====== Data excerpts ======
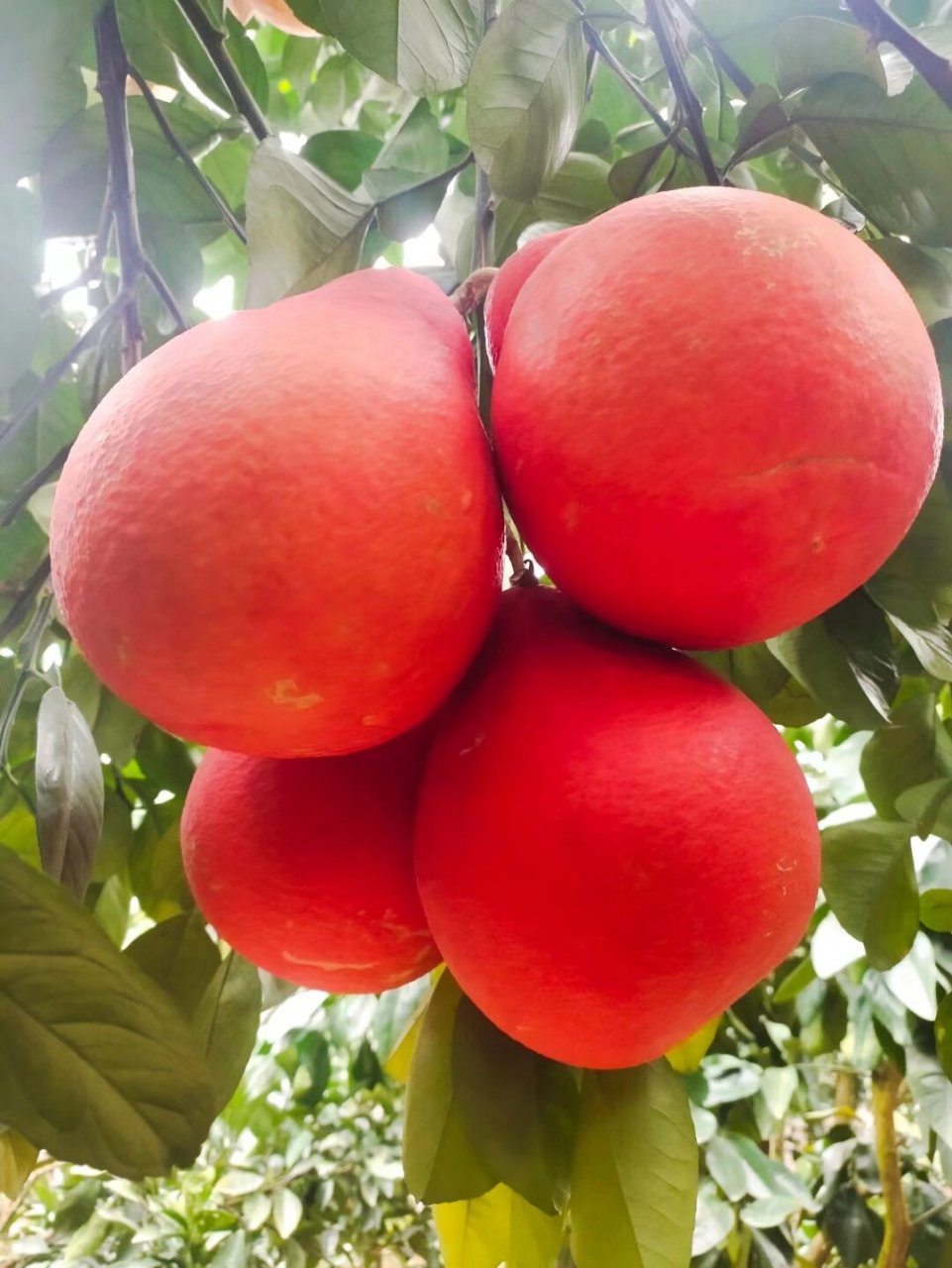 通红,寓意红红火火,所以深受大家的喜爱,没想到这个品种的红皮柚子,要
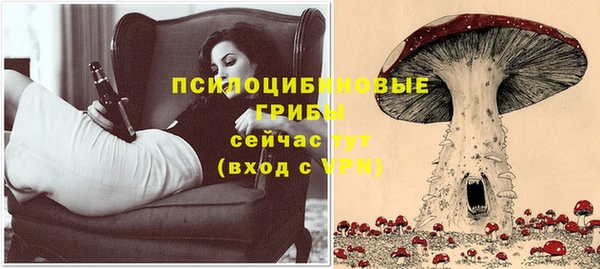 винт Бронницы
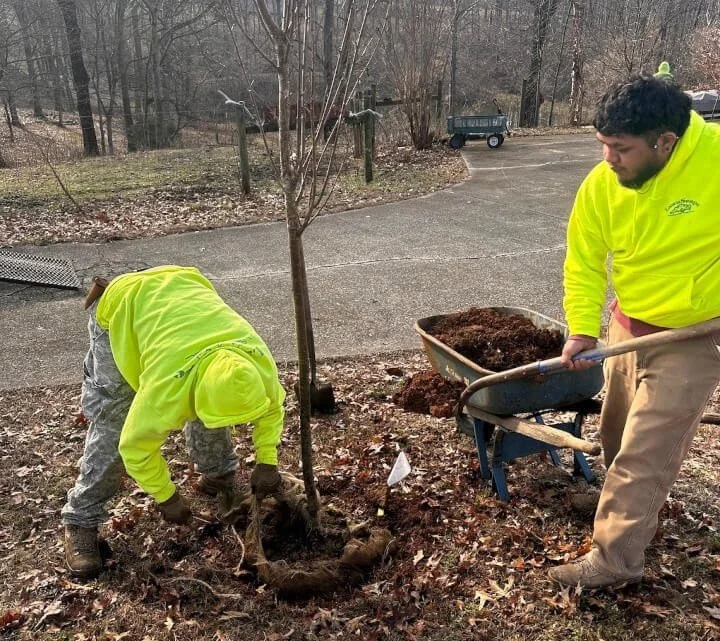 Benefits of Community Involvement in Nashville Tree Conservation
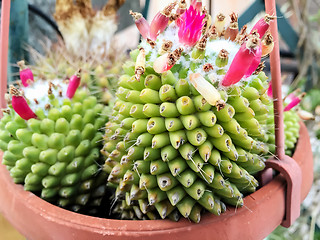 Image showing Cactus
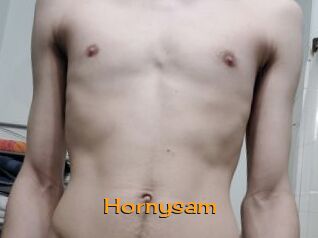 hornysam Sortez Couvert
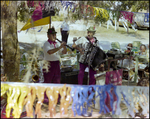 Walt Baran's Orchestra Performs at German American Social Club Festival in Beverly Hills, Florida by Skip Gandy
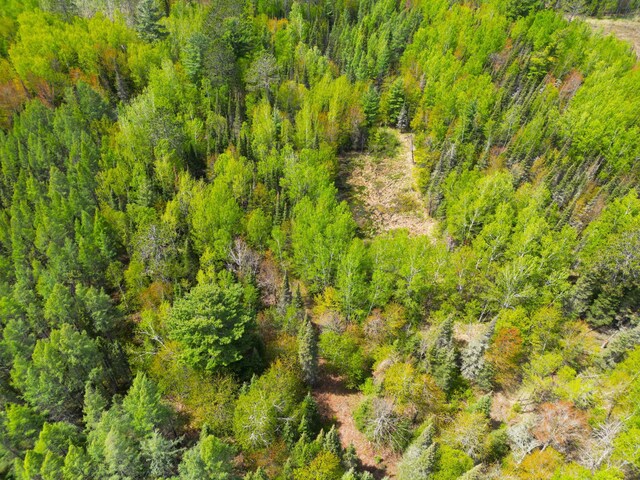72XX E Central Lakes Rd Unit Lot G, Eveleth, MN 55734 - photo 19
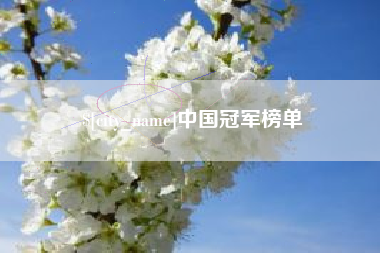 梁山中国冠军榜单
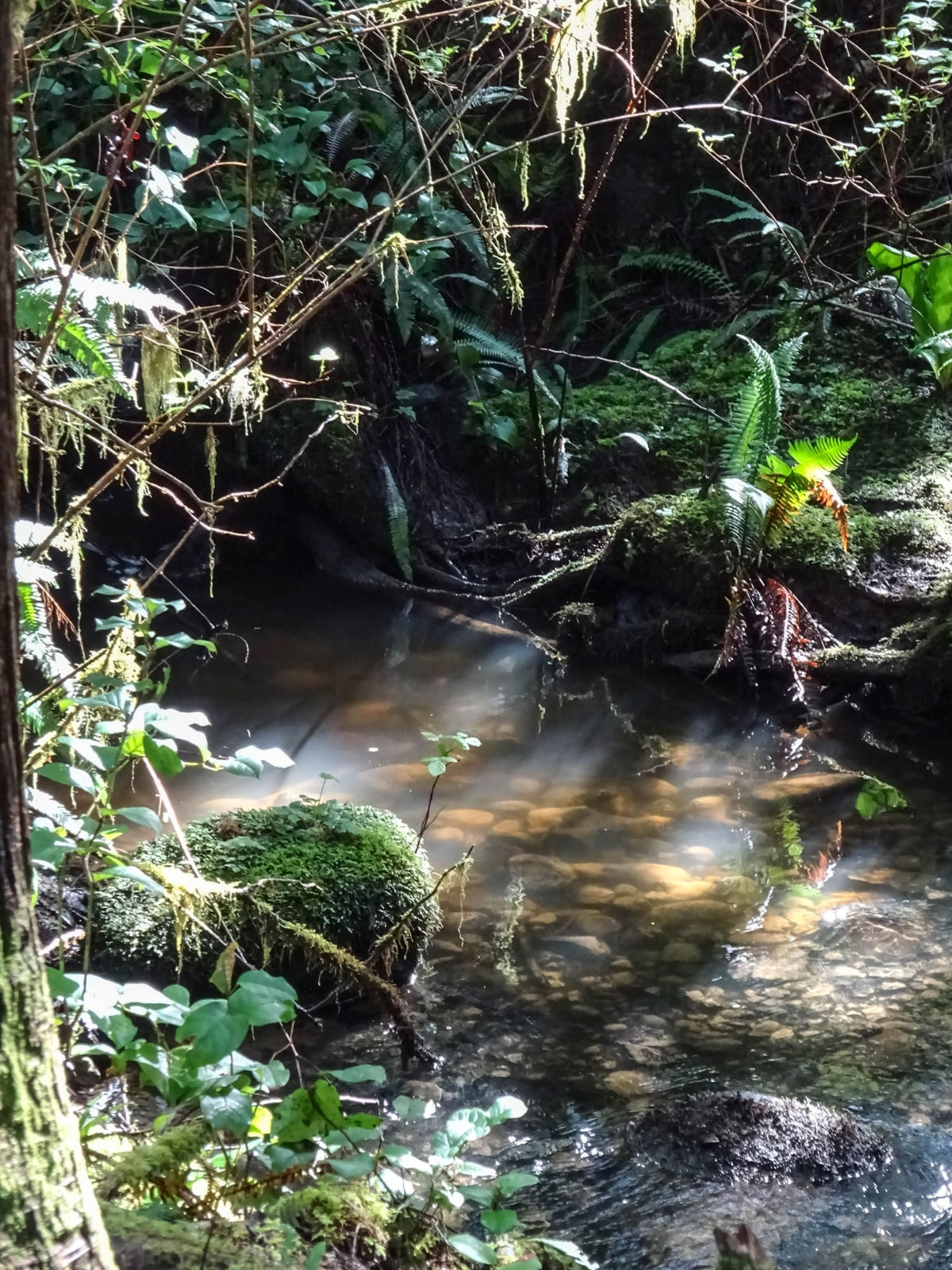 Pretty puddles in the forest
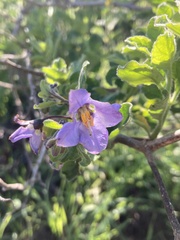 Solanum umbelliferum clokeyi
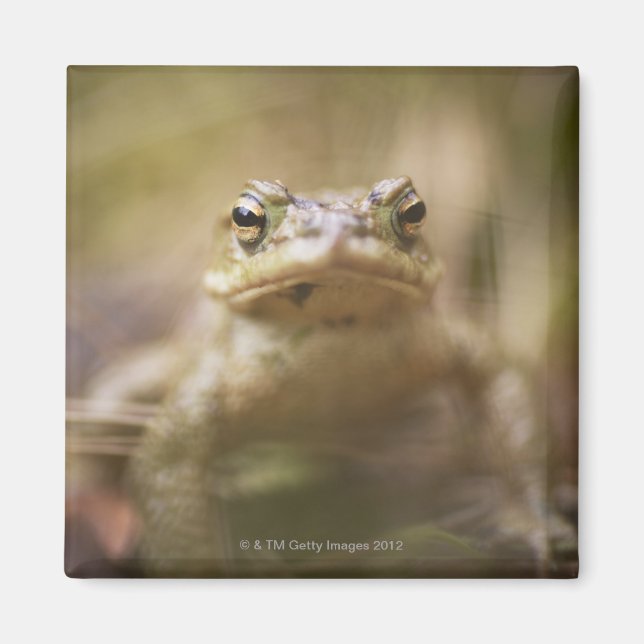 Close-up of toad magnet (Front)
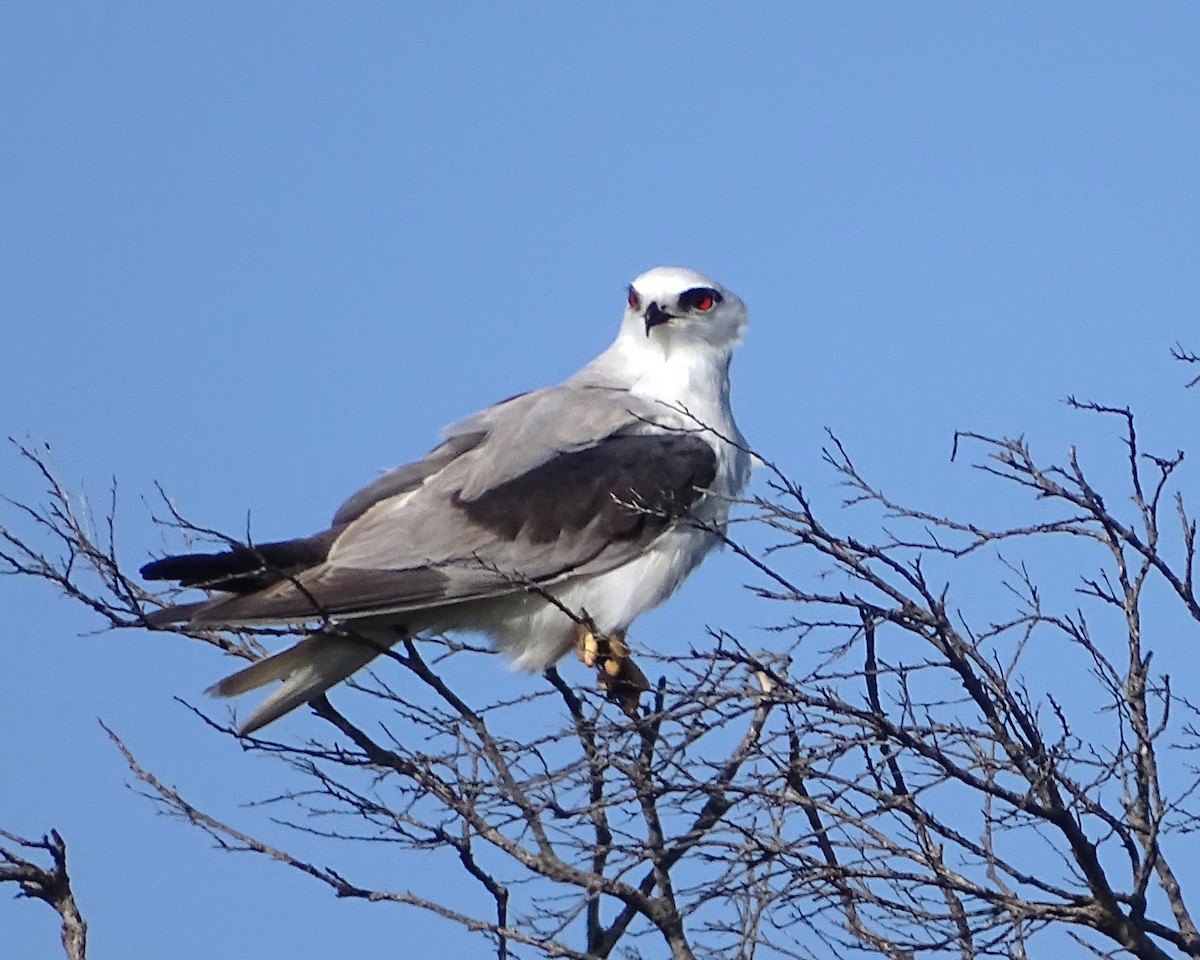 Black-shouldered Kite - ML643687986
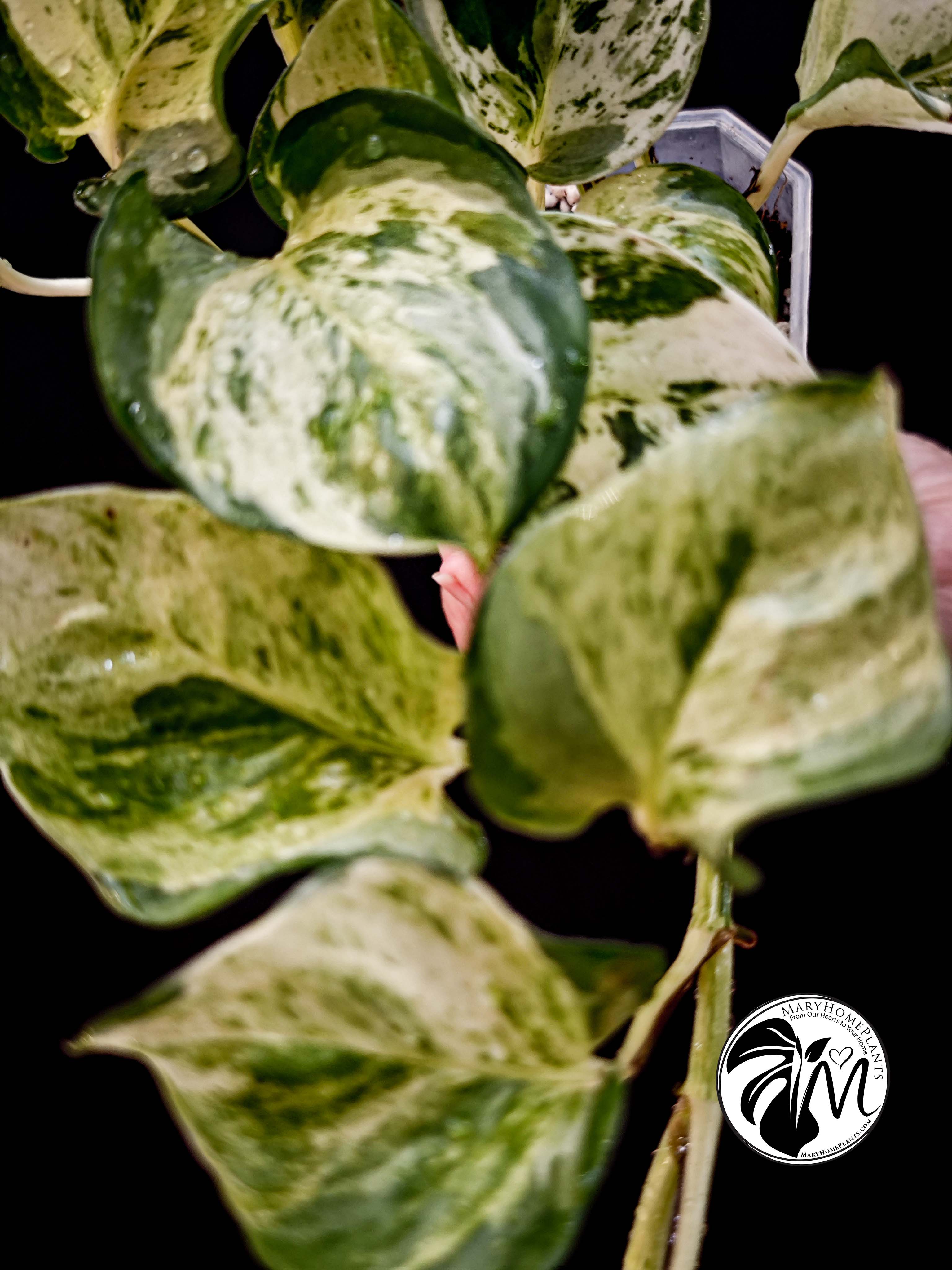 epipremnum happy leaf pothos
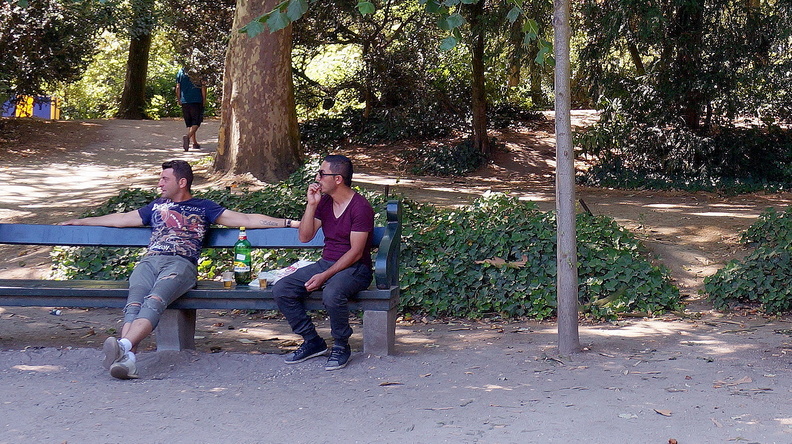 A Sunny Afternoon in the Park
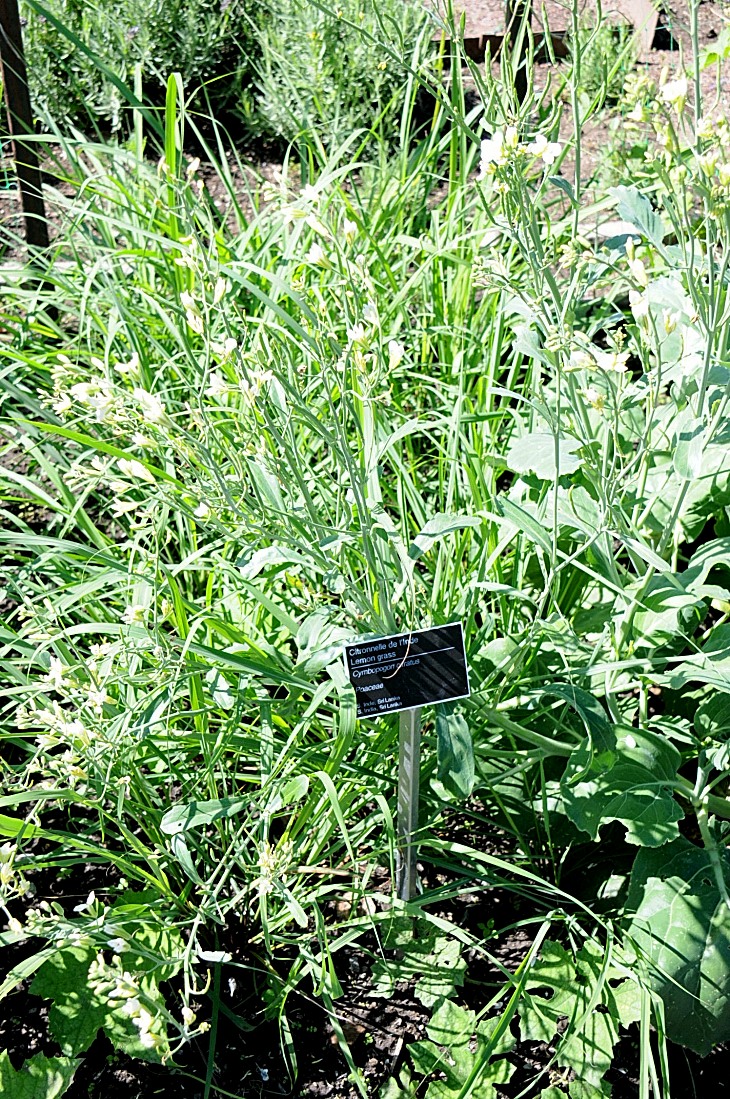 2016-7-25canadaherb 3307_01.JPG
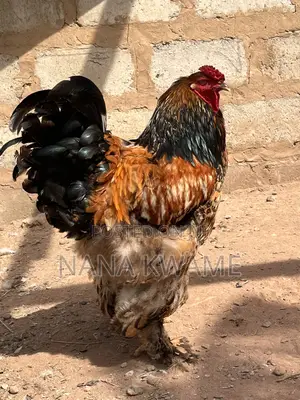 Brahma Roosters for Sale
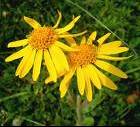 Arnica Montana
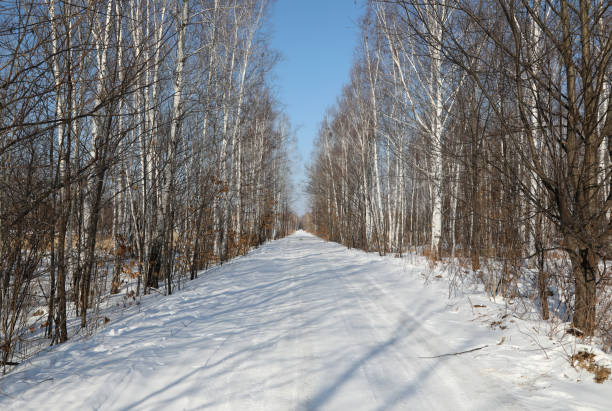 Winter Forest Covered in SnowSikhote Alin mountain region in Khabarovsk Krais in the Russian Far East Siberia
======
— What is needed —
Please output only the lines running from the one that holds "epipremnum happy leaf pothos" through the last line of the entries, both ends included, without any images.

— Exercise solution —
 epipremnum happy leaf pothos
 A Sunny Afternoon in the Park
 2016-7-25canadaherb 3307_01.JPG
 Brahma Roosters for Sale
 Arnica Montana
 Winter Forest Covered in SnowSikhote Alin mountain region in Khabarovsk Krais in the Russian Far East Siberia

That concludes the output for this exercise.